- [Goal of the exercise] Go to the line with "Dadlar med smak" in the records below, then output it and each following line exactly, up to and including the line with "10 Pack Stretch". Skip pictures and add nothing.

- [Material for the task]
☆ ☆ ☆ ☆
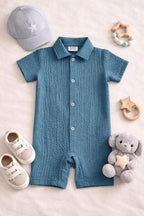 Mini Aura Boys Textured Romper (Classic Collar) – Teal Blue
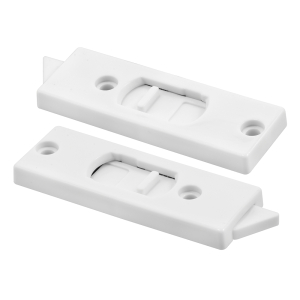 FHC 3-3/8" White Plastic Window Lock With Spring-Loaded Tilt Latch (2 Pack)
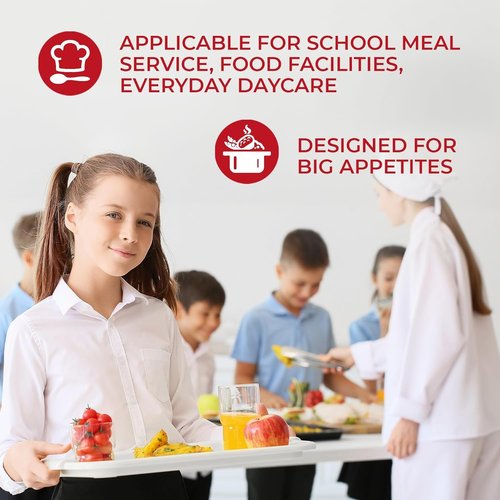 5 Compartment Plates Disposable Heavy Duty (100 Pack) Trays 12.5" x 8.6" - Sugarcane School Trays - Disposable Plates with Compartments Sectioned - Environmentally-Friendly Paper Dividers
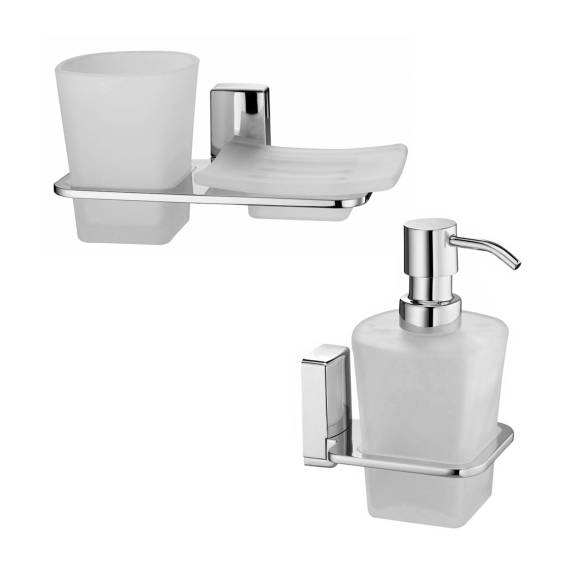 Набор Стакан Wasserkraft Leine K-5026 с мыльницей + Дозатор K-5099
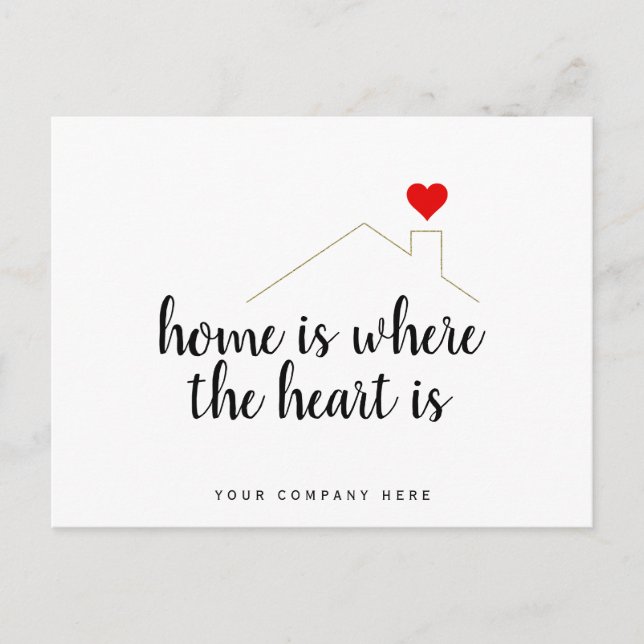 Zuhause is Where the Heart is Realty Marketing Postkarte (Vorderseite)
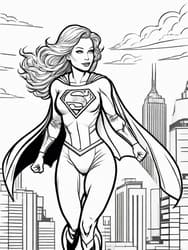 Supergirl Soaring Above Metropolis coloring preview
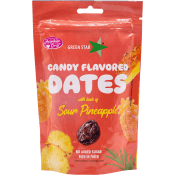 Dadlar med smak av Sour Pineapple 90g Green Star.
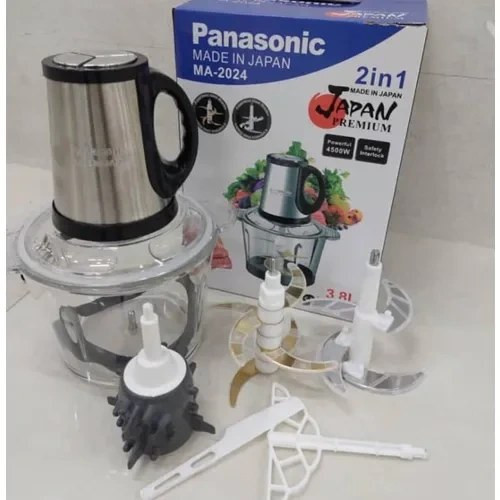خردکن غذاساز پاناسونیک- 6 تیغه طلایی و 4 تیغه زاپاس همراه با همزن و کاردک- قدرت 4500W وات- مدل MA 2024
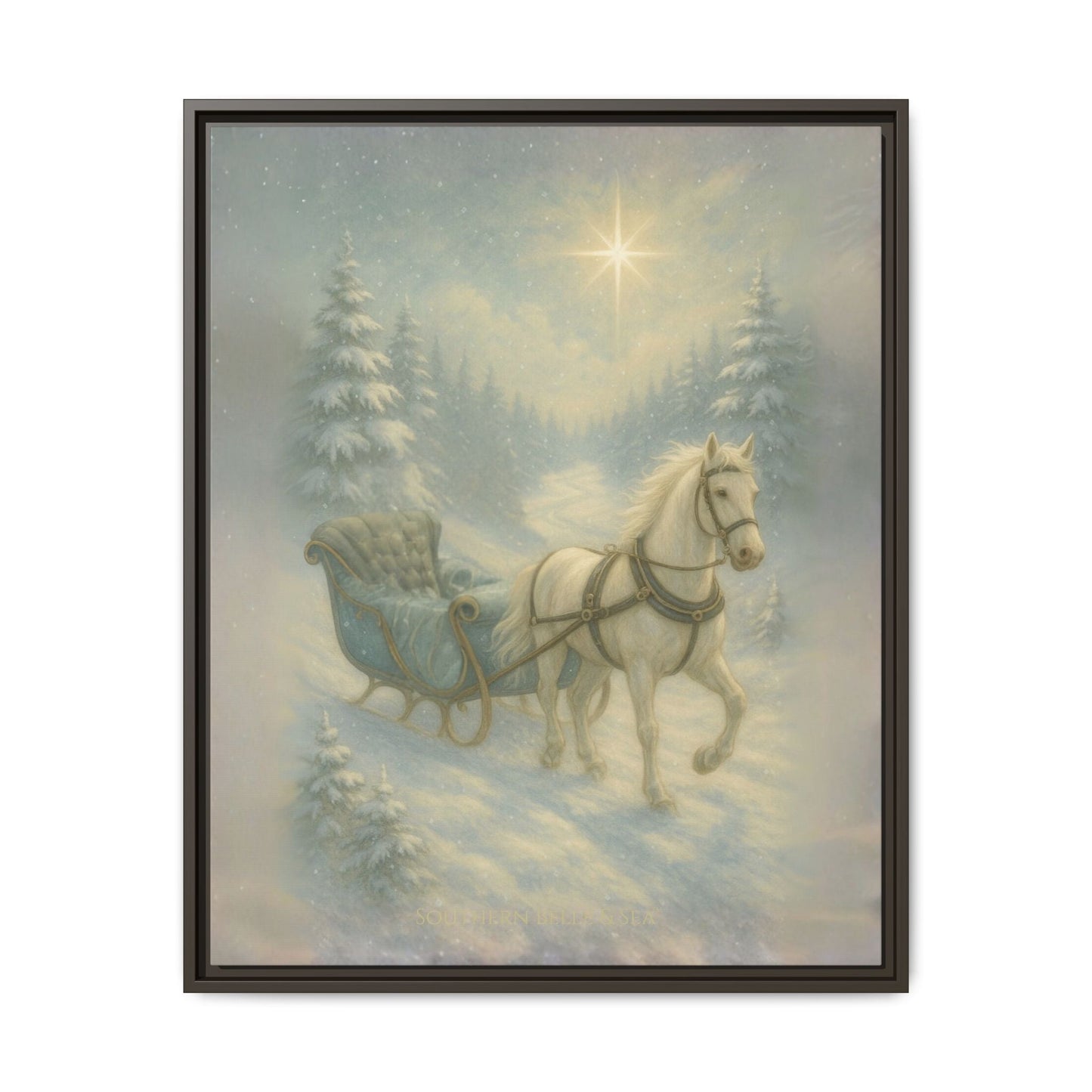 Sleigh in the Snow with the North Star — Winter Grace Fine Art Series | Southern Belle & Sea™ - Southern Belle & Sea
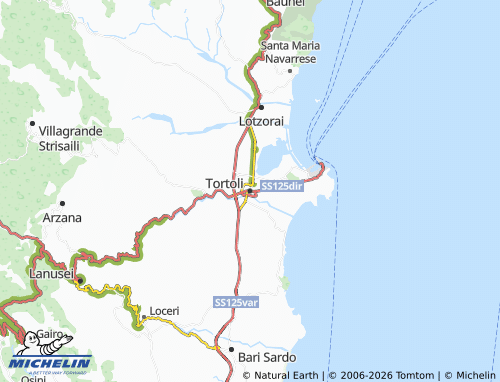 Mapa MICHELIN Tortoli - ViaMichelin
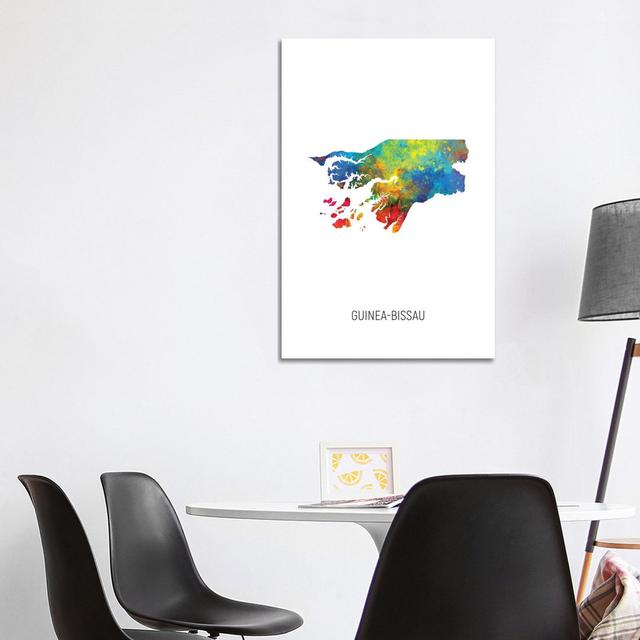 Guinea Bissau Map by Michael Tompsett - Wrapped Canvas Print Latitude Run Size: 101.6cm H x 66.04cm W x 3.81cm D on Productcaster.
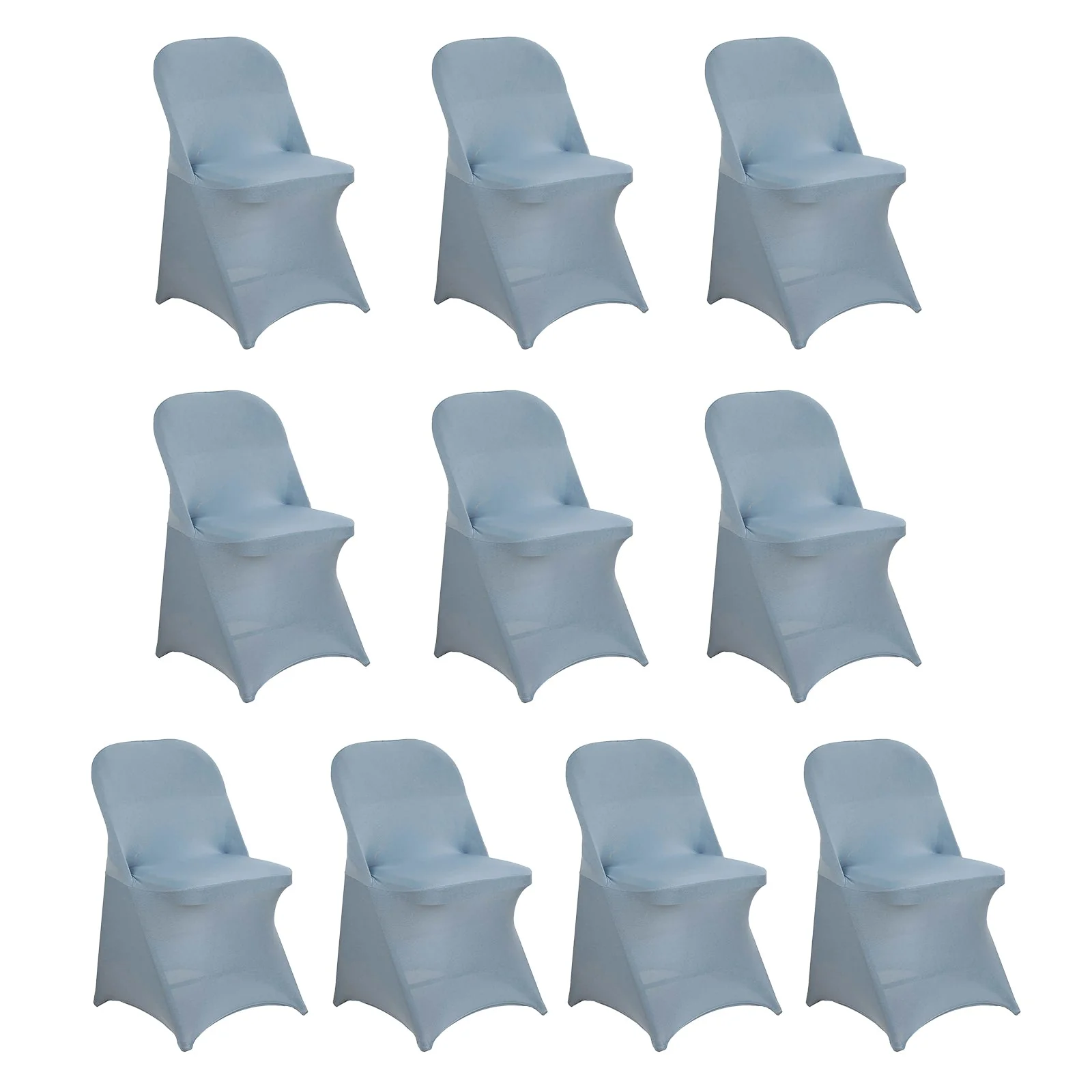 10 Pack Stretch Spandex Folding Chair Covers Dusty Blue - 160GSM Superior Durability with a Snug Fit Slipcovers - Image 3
☆ ☆ ☆ ☆
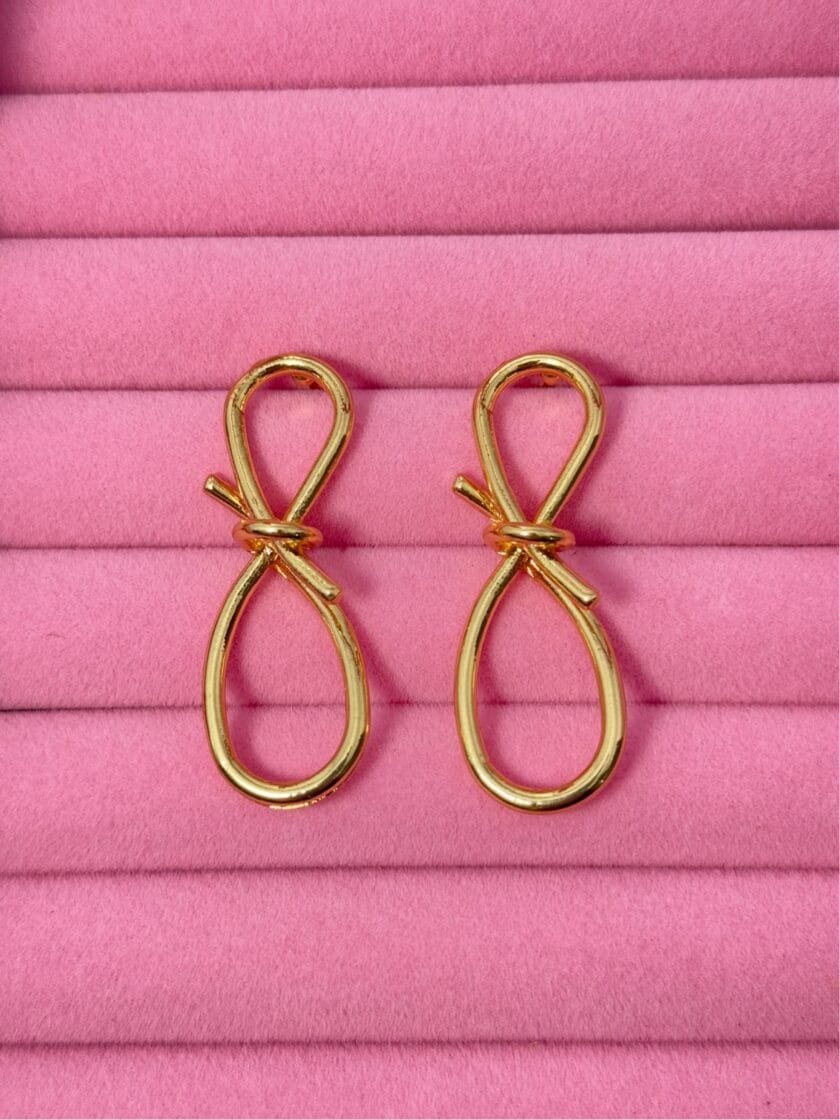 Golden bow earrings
☆ ☆ ☆ ☆
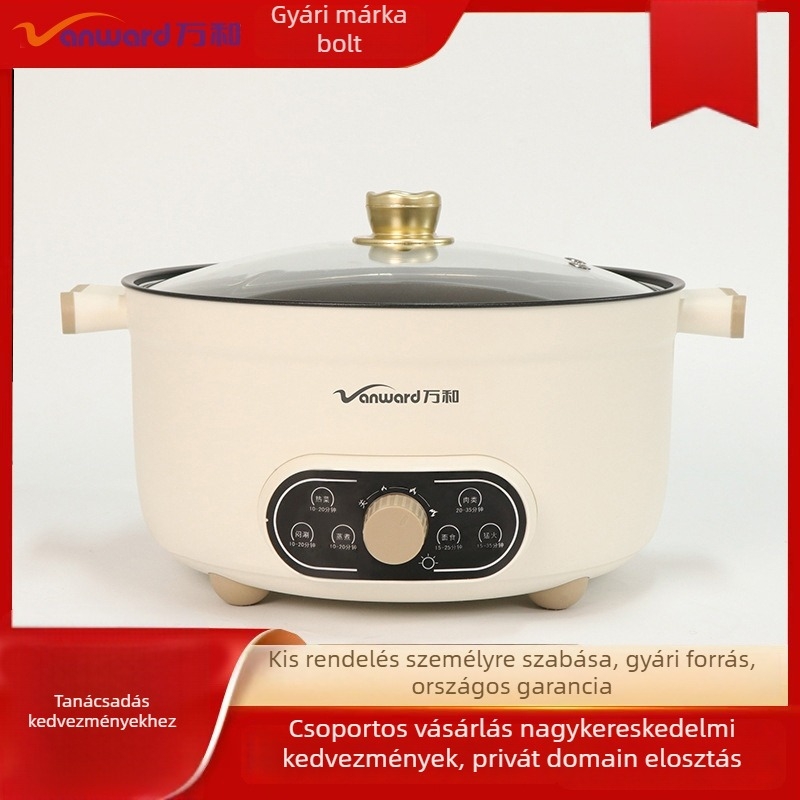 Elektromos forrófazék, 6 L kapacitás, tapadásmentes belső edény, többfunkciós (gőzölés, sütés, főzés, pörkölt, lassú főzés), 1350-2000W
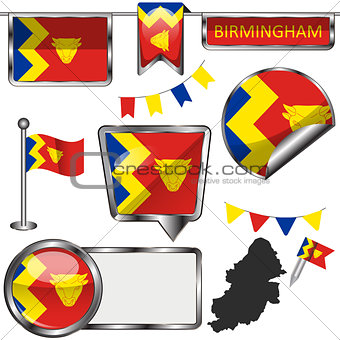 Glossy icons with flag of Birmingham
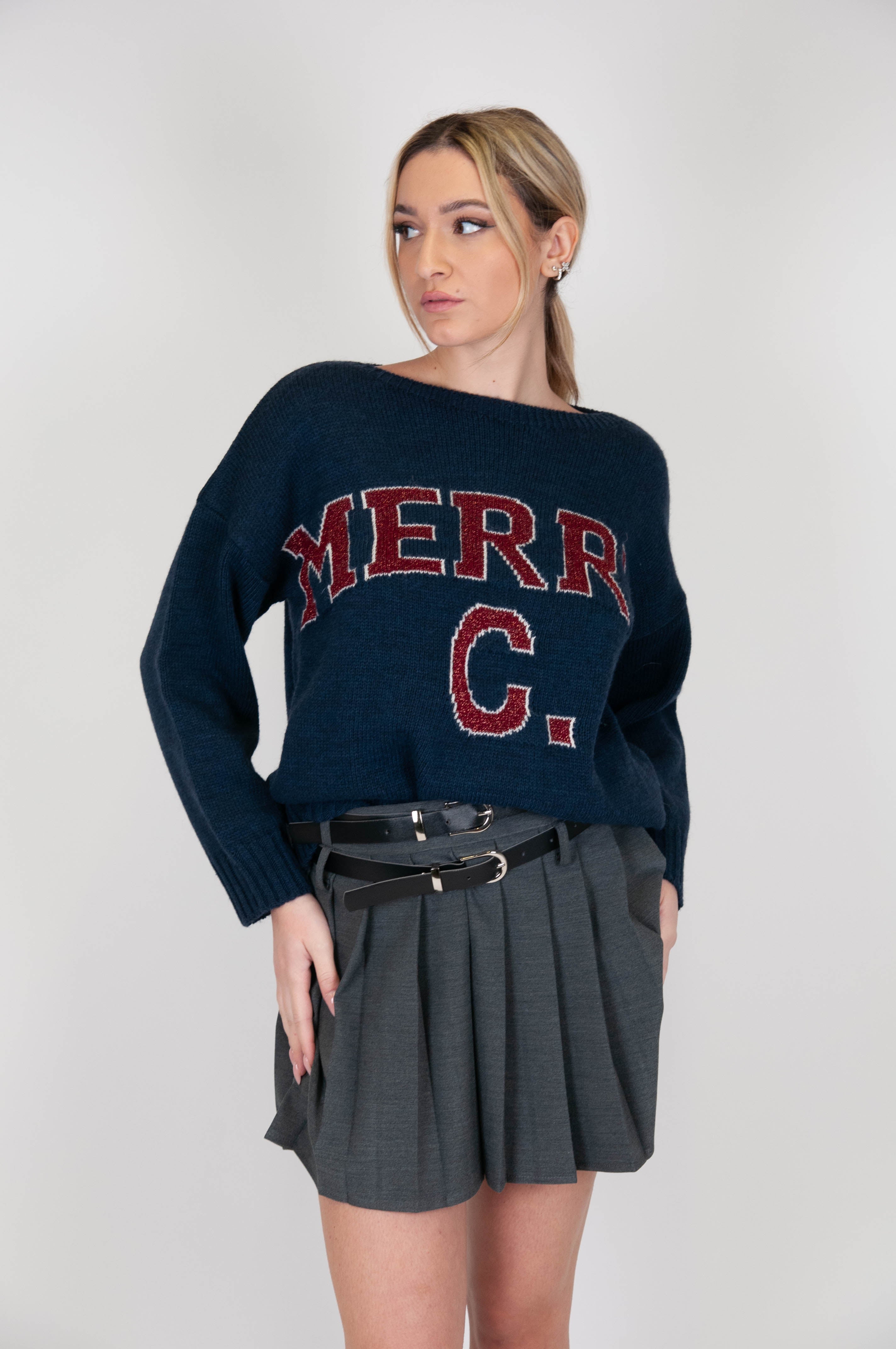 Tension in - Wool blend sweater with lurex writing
☆ ☆ ☆ ☆
- [Response to the exercise]
 Dadlar med smak av Sour Pineapple 90g Green Star.
خردکن غذاساز پاناسونیک- 6 تیغه طلایی و 4 تیغه زاپاس همراه با همزن و کاردک- قدرت 4500W وات- مدل MA 2024
 Sleigh in the Snow with the North Star — Winter Grace Fine Art Series | Southern Belle & Sea™ - Southern Belle & Sea
 Mapa MICHELIN Tortoli - ViaMichelin
 Guinea Bissau Map by Michael Tompsett - Wrapped Canvas Print Latitude Run Size: 101.6cm H x 66.04cm W x 3.81cm D on Productcaster.
 10 Pack Stretch Spandex Folding Chair Covers Dusty Blue - 160GSM Superior Durability with a Snug Fit Slipcovers - Image 3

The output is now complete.